"In seasons of severe trial, the Christian has nothing on earth that he can trust to, and is therefore compelled to cast himself on his God alone. When his vessel is on its beam-ends, and no human deliverance can avail, he must simply and entirely trust himself to the providence and care of God. Happy storm that wrecks a man on such a rock as this! O blessed hurricane that drives the soul to God and God alone!"
A few weekends back felt like one of the worst weather related weekends of my life. Severe thunderstorms, falling branches, flooding, intense lightning and even a tornado were included in a palate of severity. Such awareness of these heightened by the fact that the weekend was to be spent in a tent rather than the confines of a. brick a mortar.
However, this was no ordinary weekend, this was a weekend ripe with metaphorical and relative significance. Struggling with he anticipation and meaning of what that was. It bore a heavier weight then perhaps my feet have carried, but it was too amorphous to come to sufficient understanding.
Two stark realizations occurred over those three days.
1. My own reconnaissance falls short of the things I near to be cognizant of.
2. When the thunder cracks loud enough, you have no choice but to hear.
"Happy storm that wrecks a man on such a rock as this!"
This is a perplexing word. The initial, albeit literal, interpretation of this would seem to be a contradiction in its very nature, that somehow the wreckage of a man would be something this aligns with happiness. But the truth of what CH is talking about is not the destruction of a man, rather the wrecking of a man. This is not about being destroyed, it's about being broken, and there is great contrast with those two things.
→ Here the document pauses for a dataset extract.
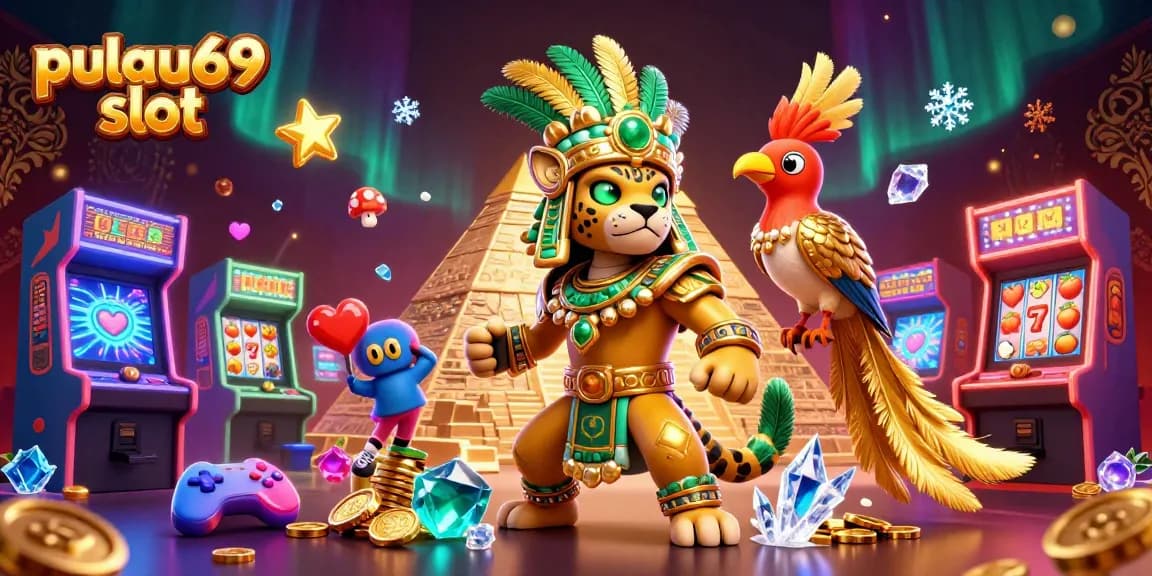 Experience the thrill of pulau69 slot gaming with vibrant characters and dynamic 3D visuals.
"The water would have overpowered us; the current would have overwhelmed us. The raging water would have overwhelmed us. The Lord deserves praise,for he did not hand us over as prey to their teeth. We escaped with our lives, like a bird from a
hunter’s snare."(Psalm 124:4-7 NET)
Spurgeon speaks only of the saving grace though the brokenness that comes with redemption. For without the current of the world, we would not know the power of sin's destruction, nor understand the completeness of our our salvation in his glory. He imagines us to imagine ourselves strengthened though his blood.
So when we encounter storms, the reality of the storms may not be a force of destruction, but rather a call out of destruction, a call to he brokenness hat we are obliged to him as a result of his great price.